One of the great long-term economic fears I have about the American economy is inflation. The Federal Reserve has done a fantastic job over the past 30 years at taming inflation, but the relevance of the Federal Reserve will decline over time. So many dollars are floating around outside of the United States that it is inevitable that a country will be able to crash the dollar despite any action by the Federal Reserve.
China has foreign currency reserves in excess of US$1 trillion. A huge trunk of that amount is in dollars. They have so much money that the country is determined to diversify their investments. The latest diversification was an investment in the Blackstone Group, leverage buyout firm. But China isn’t necessarily the country that will tank the dollar. There are other factors. As the dollar weakens against the Euro and other currencies, commodity-based economies who normally sell their commodities for dollars, are increasingly looking at non-dollar currencies to sell their goods. As non-dollar denominated contracts proliferate, the value of the dollar decreases.

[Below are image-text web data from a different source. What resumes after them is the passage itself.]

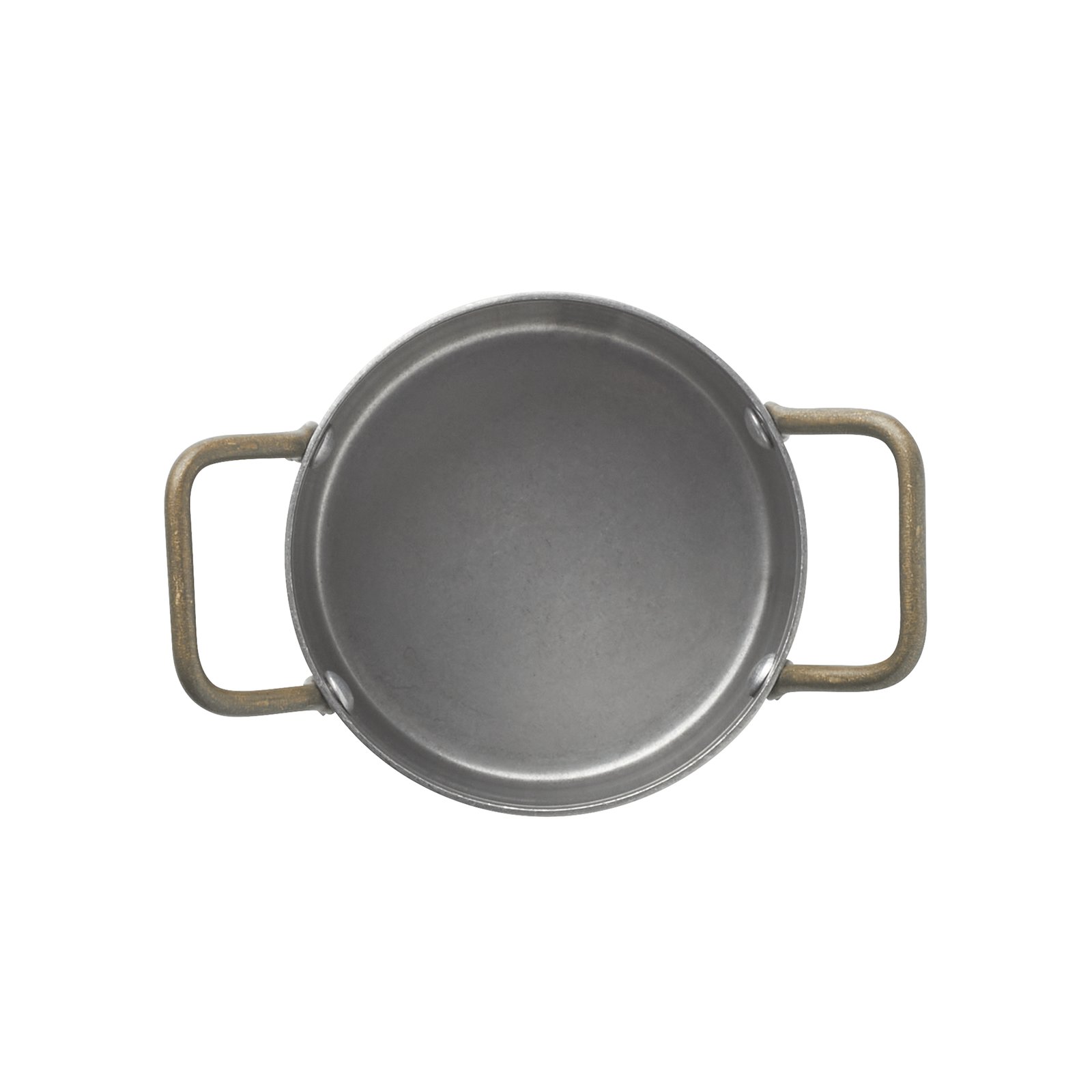 Serviertopf STEEL & STYLE, mit 2 Messinggriffen, 310 ml, Ø 9 cm, vintage, Messing, PVD, Chromnickelstahl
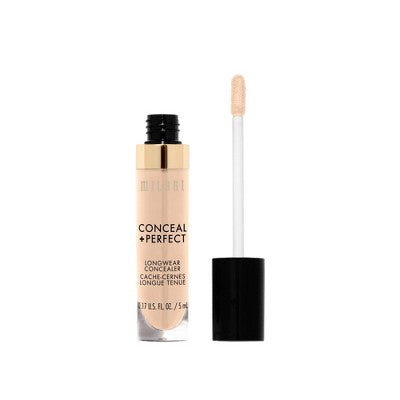 Milani Conceal + Perfect Longwear Concealer 110 Nude Ivory 0.17 fl oz - New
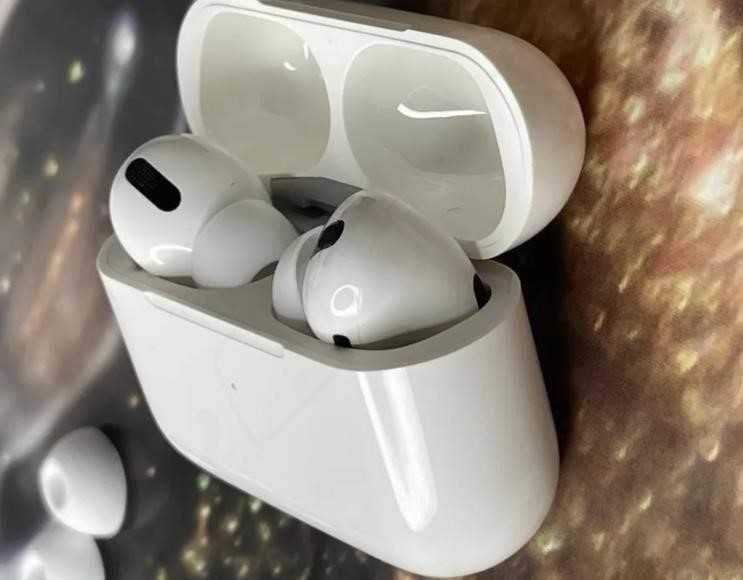 Топові Навушники AirPods Pro з шумоподавленням 1в1 +чохол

What then, should a small-time investor do? Invest in foreign markets, invest in real estate, and invest in U.S. companies that large chunks of their revenues coming from foreign countries. But it’s easier said than done. Try buying stock in LG or Samsung. Try buying any stock in Vietnam. Try buying Russian oil stocks. There is a business to be had here… a brokerage that can help small investors invest internationally as easily as we invest domestically.